:: Dataset content ::
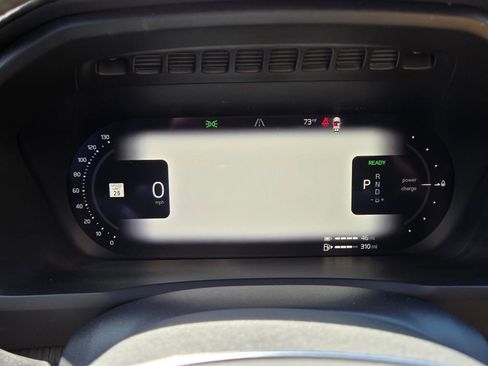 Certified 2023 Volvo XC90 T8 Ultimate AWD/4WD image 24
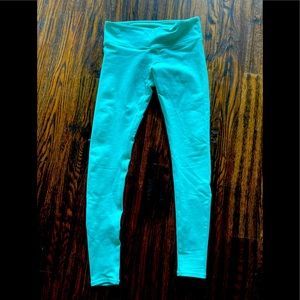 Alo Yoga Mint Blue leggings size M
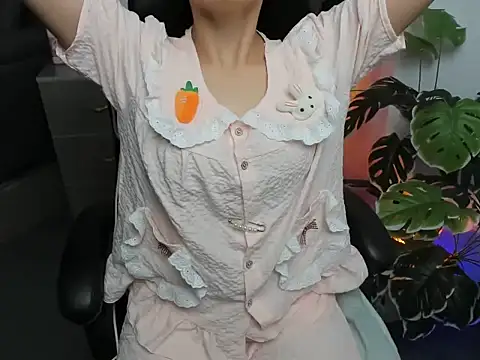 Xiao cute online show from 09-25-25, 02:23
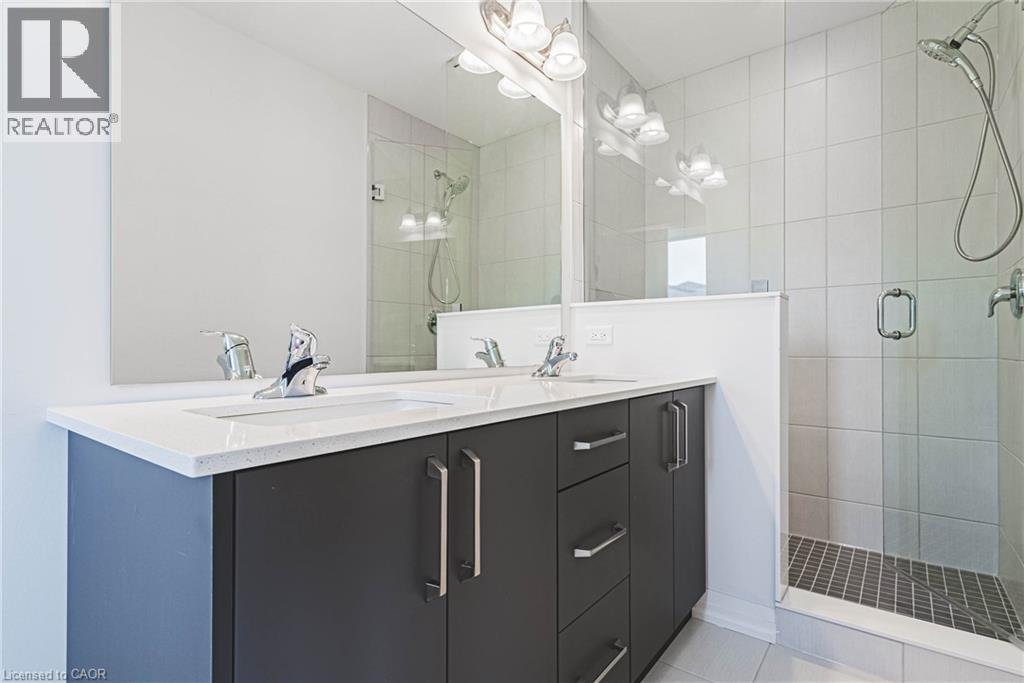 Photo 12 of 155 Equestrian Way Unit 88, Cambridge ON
:::
Task objective
Repeat, exactly and only, the lines from the one containing "Alo Yoga Mint Blue leggings size M" through the final line of the data, both ends included, leaving out any picture.

Solution for this task
 Alo Yoga Mint Blue leggings size M
 Xiao cute online show from 09-25-25, 02:23
 Photo 12 of 155 Equestrian Way Unit 88, Cambridge ON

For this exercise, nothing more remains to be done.